Hence, KPMG had breached the contract by failing to conduct itself in a professional manner, and breached the statutory duty by reporting the red flags to the SC “without cause”, it said.
Serba Dinamik also claimed that KPMG’s act of halting the audit process pending the independent review was negligent, as the audit matters “could be dealt with” by KPMG following the company’s explanations on May 6. The auditor did not respond to the clarifications up until the suit, it said.
KPMG has since resigned as the external auditor, citing the suit as having compromised its ability to independently continue the audit engagement and discharge its professional duties as auditor of the company.
The episode led to the resignation of four independent directors in protest against the KPMG suit on June 25, while another newly appointed independent director, Maslina Zaid, also resigned the same day, citing personal matters.
At an interview with The Edge last week, however, newly appointed independent director Johan Mohamed Ishak said only two of the directors who left had voted against filing the suit against KPMG. There were also many opportunities given to them to express any concerns, he added.
At the same interview, Mohd Karim again addressed concerns about Serba Dinamik’s financials (see “Ballooning books due to nature of businesss, pace of growth”) and contracts.
“In the African continent, we have made very successful inroads. We are competing head-on with companies from China, which come in with their financing packages in all their projects.
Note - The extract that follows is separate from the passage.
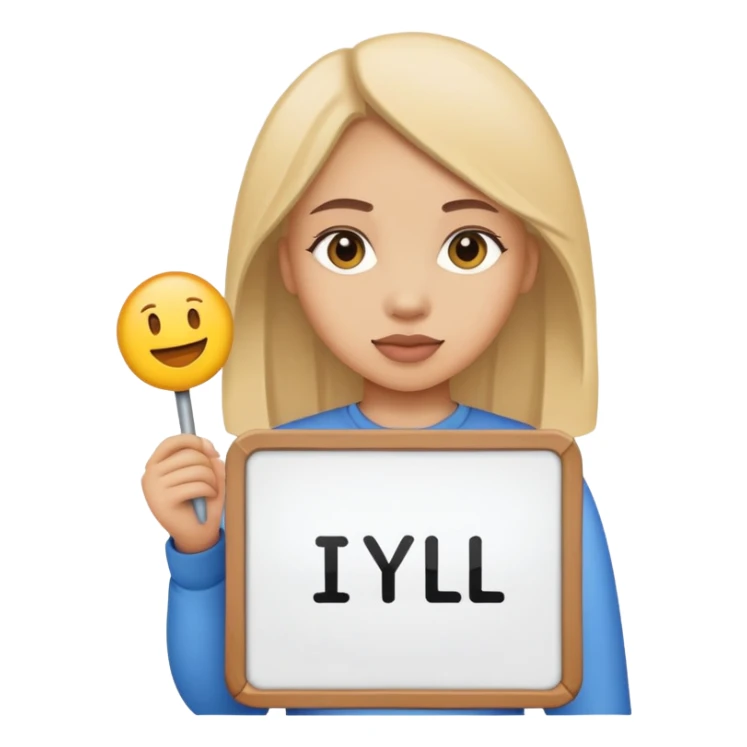 A girl holding a sign saying “I’ll SYD sticker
So it is quite a challenging environment.
“And of course, we have been in the Middle East for more than 20 years,” he said.
“Again, there were quite a lot of smear allegations, for example, the Block 7 Innovation Hub, which people allege is a ‘left-pocket, right pocket’ deal, which is totally untrue.
“I put up a challenge to invite anybody to go over there any time. We will bring them to the sites, let them speak to the authorities and meet up with all the relevant people.”
In the meantime, Serba Dinamik has to appoint three more independent directors to meet the required board composition. The company currently has four non-independent and two independent directors — Johan and group chairman Datuk Mohamed Ilyas Pakeer Mohamed. The board has yet to appoint members for a new nomination and remuneration committee following last month’s resignations.